RELATIVISMO Y MODERNISMO DE LOS “NEO – TEÓLOGOS”.
Igualmente se comportan los neoteólogos postconciliares. No están atentos a la realidad, cuya expresión puede variar con tal que se represente como es. Desean satisfacer la mentalidad moderna. La puesta al día de la Iglesia estriba para ellos en la adaptación de su doctrina a dicha mentalidad. Y así como el hombre moderno ha formado su pensamiento en un ambiente cultural completamente volcado en las apariencias, en el subjetivismo y los fenómenos, y hostil a la metafísica. Así y por igual manera la Iglesia, al decir de los neoteólogos, debe conformar su doctrina con tal modo de pensar si no quiere desaparecer: un modo para el cual ni siquiera el dogma se libra de evolucionar de un significado a otro, de manera contradictoria, en función de las exigencias culturales de la época en que se formula.

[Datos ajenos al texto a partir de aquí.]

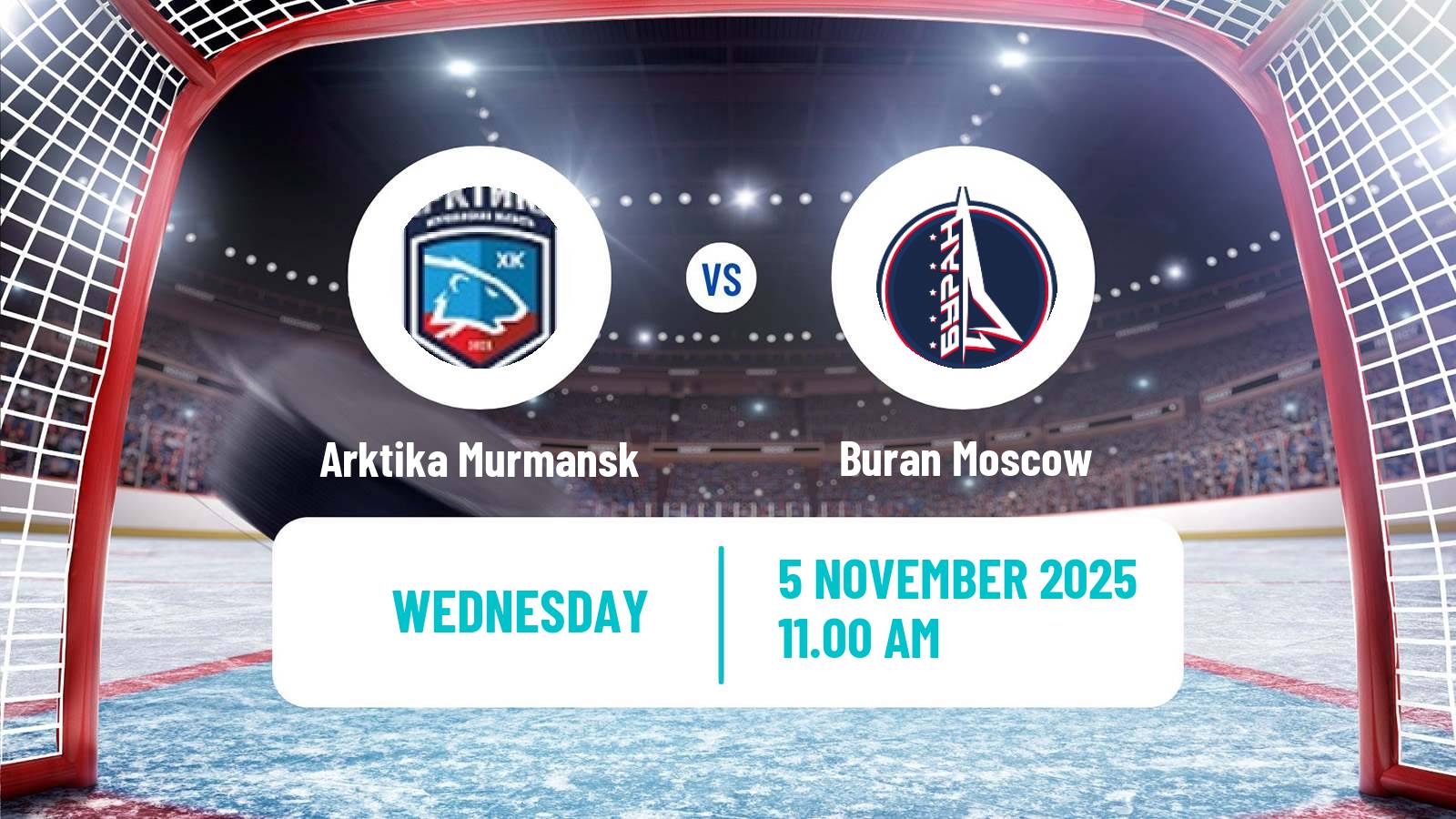 Hockey NMHL Arktika Murmansk - Buran Moscow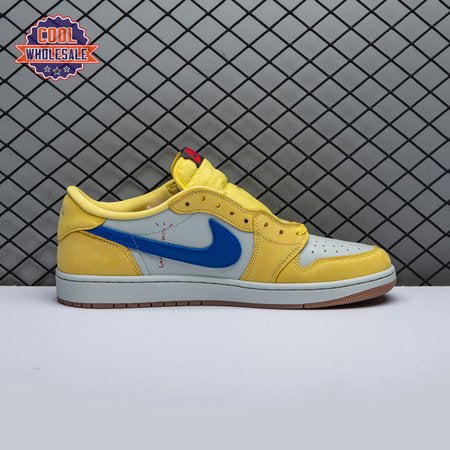 Jordan 1 Retro Low OG SP Travis Scott Canary DZ4137-7 Unisex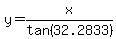 y+=+x%2Ftan%2832.2833%29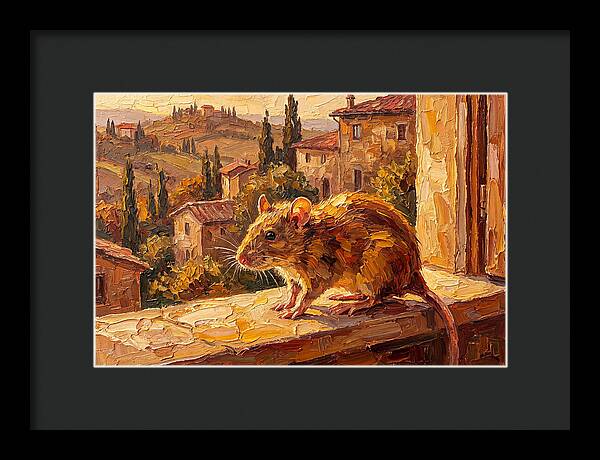 Mediterranean Rat On A Windowsill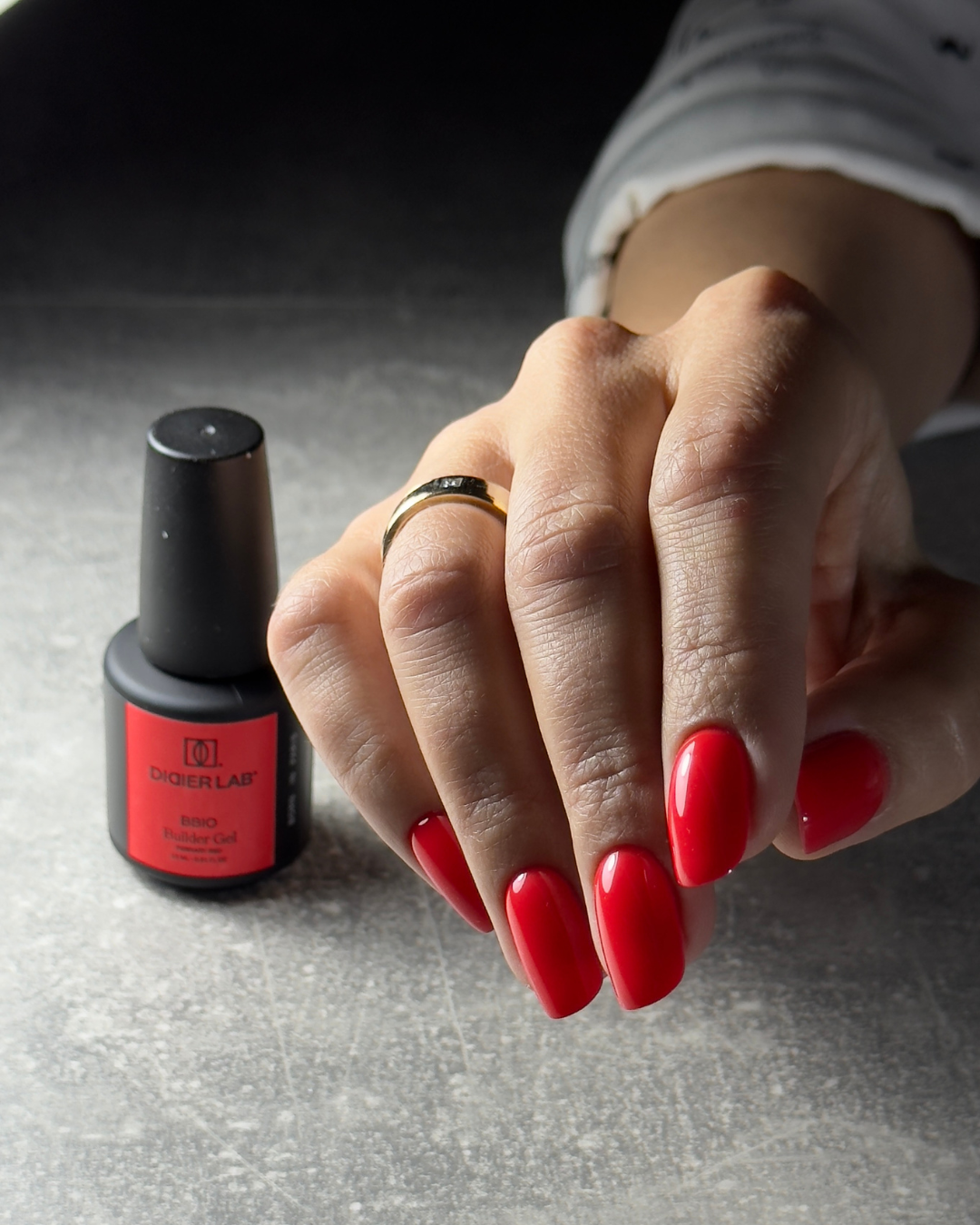 Builder Gel BBIO "Didier Lab" Ferrary Red, 15ml Bez HEMA&TPO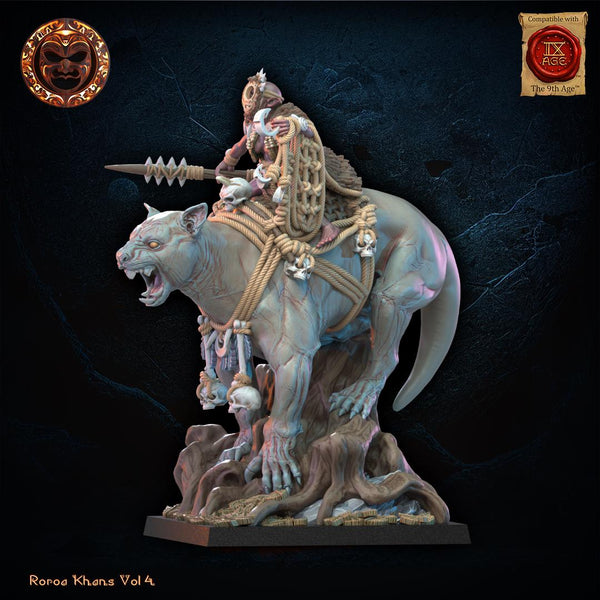 Roroa Khans - Yarablin Trapper Heroine by Lost Kingdom Miniatures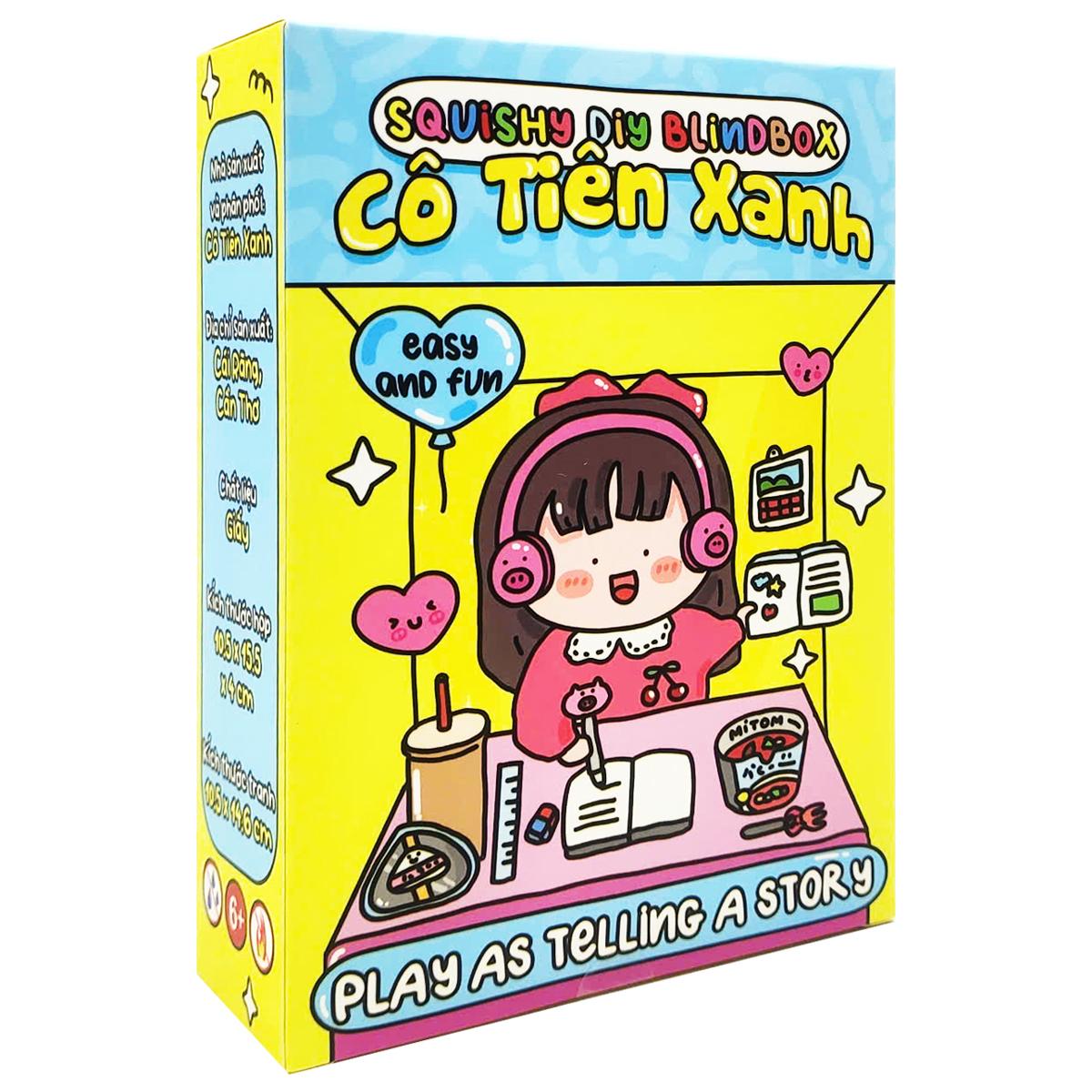 Hộp Mù Tranh Tương Tác Squishy Cô Tiên Xanh (Sản Phẩm Bên Trong Là Ngẫu Nhiên)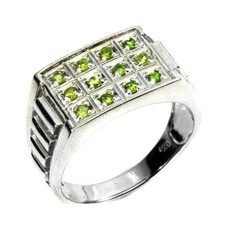 925 Sterling Silber Ring Rund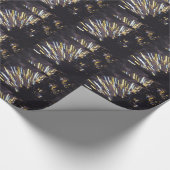 Feuerwerkskörper 6 glänzendes Packpapier (Ecke)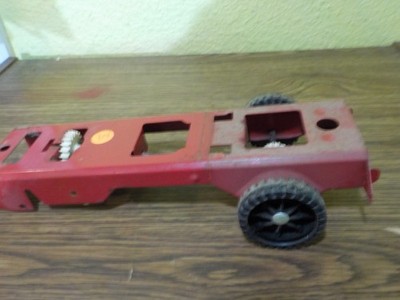 vintage tonka turbine cement truck chassis 2 tires 3axles for parts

INMUTABILIDAD Y DESARROLLO DE LA VERDAD REVELADA.
La verdad revelada se comunica al mundo en un lenguaje humano. Este lenguaje no es mero simbolismo o figuración por más inadecuado que sea7 (Cf. P. Parente, voz “simbolismo” en el Dizionario di Teología Dommatica, Roma: ed. Studium, 4a edición, 1957), : expresa objetivamente el misterio de Dios aunque no manifieste toda su riqueza inagotable. He ahí la razón de que las fórmulas dogmáticas no puedan evolucionar mudándose de significado.
Dice San Judas Tadeo que la fe, una vez transmitida, lo es “para siempre”8 (Epístola de San Judas, cap. III.)
Es inmutable e invariable. No admite adiciones, sustracciones o alteraciones intrínsecas y heterogéneas. Puede ser explicada y escudriñada detenidamente, pero no transformarse de una manera intrínseca y heterogénea, igual que el ser vivo se desarrolla y perfecciona, más sin dejar de ser nunca él mismo.
IMPORTANCIA DE LAS “FÓRMULAS DOGMÁTICAS”.
De ahí que sea de suma importancia mantener las fórmulas que, con la asistencia del Espíritu Santo, la Tradición y los concilios dogmáticos fijaron para expresar exactamente la verdad revelada.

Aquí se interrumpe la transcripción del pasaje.